*** Opening of INFORMATION ***

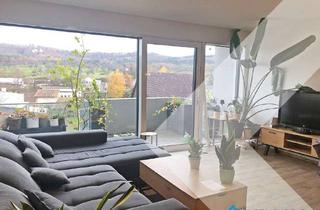 Wohnung mieten in 72147 Nehren, Dein neuer Lieblingsort: Moderne 3-Zimmer-Wohnung zum Wohlfühlen in Nehren!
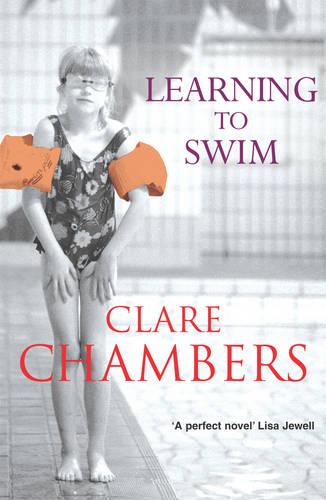 Learning To Swim (Paperback)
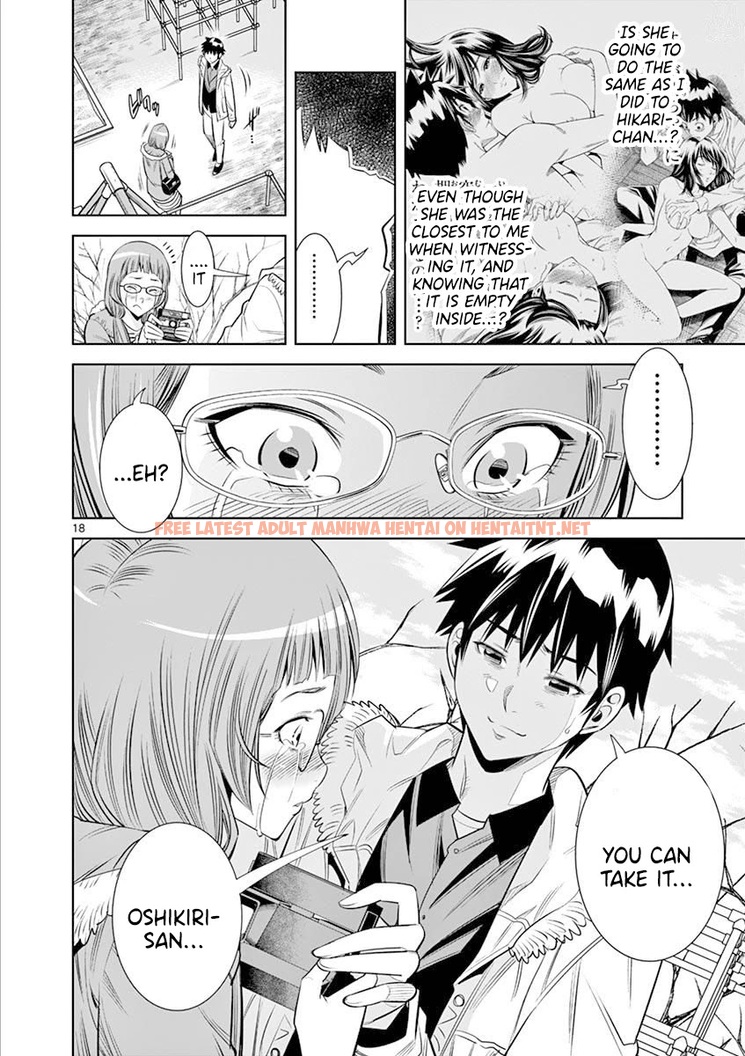 Read Hentai Image 18 479 in comic Hadacamera - Chapter 20 - hentaitnt.net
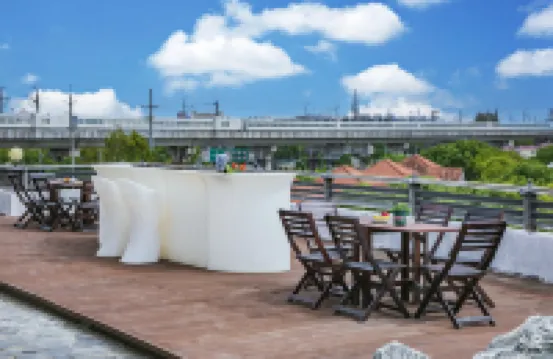 CJ Chaoji Hotel (Nanxiang Branch) Hotels in Shanghai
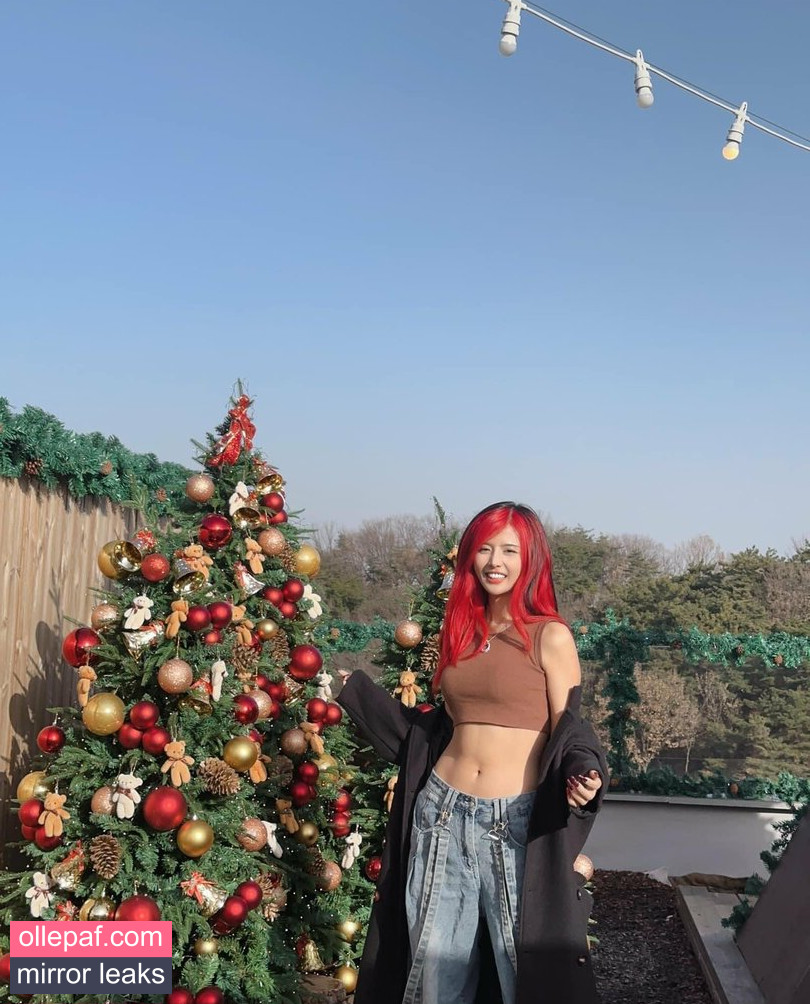 Latest Leaks Charechii Nude #248 - Fapello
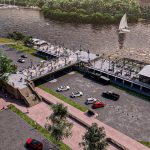 Puerto argentino de Concepción del Uruguay evalúa propuesta de inversión en infraestructura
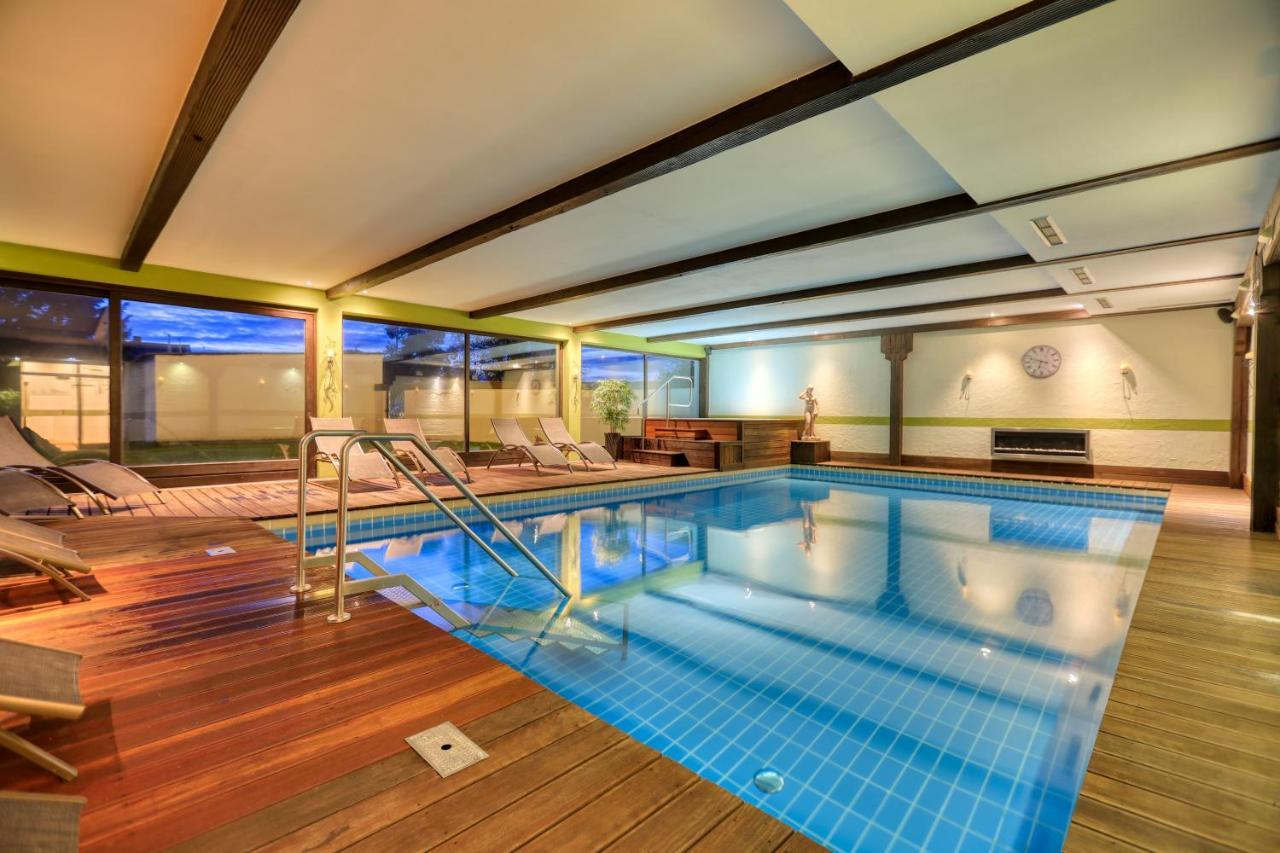 Hotel Gut Schmelmerhof ซังคท์แองเกลอมาร์ ภายนอก รูปภาพ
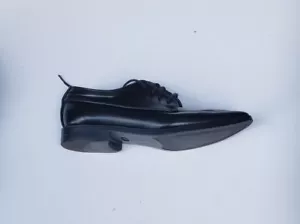 Joseph & Feiss schwarze Lackleder Anzugschuhe Hochzeit formeller Smoking 9,5 M, 9,5 W - Bild 1 von 9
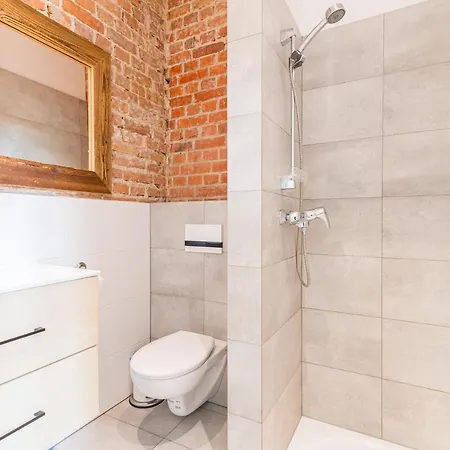 Loft Kwatera prywatna Sopot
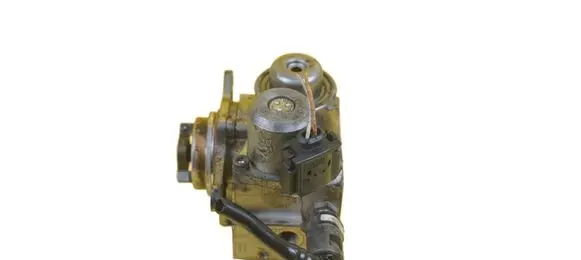 Ford Transit Fuel line/pipe/hose V758887980 5FX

*** Close of INFORMATION ***

• [ASSIGNMENT] The data above should be set down again exactly, with the pictures omitted.

• [EXPECTED ANSWER]
 Wohnung mieten in 72147 Nehren, Dein neuer Lieblingsort: Moderne 3-Zimmer-Wohnung zum Wohlfühlen in Nehren!
 Learning To Swim (Paperback)
 Read Hentai Image 18 479 in comic Hadacamera - Chapter 20 - hentaitnt.net
 CJ Chaoji Hotel (Nanxiang Branch) Hotels in Shanghai
 Latest Leaks Charechii Nude #248 - Fapello
 Puerto argentino de Concepción del Uruguay evalúa propuesta de inversión en infraestructura
 Hotel Gut Schmelmerhof ซังคท์แองเกลอมาร์ ภายนอก รูปภาพ
 Joseph & Feiss schwarze Lackleder Anzugschuhe Hochzeit formeller Smoking 9,5 M, 9,5 W - Bild 1 von 9
 Loft Kwatera prywatna Sopot
 Ford Transit Fuel line/pipe/hose V758887980 5FX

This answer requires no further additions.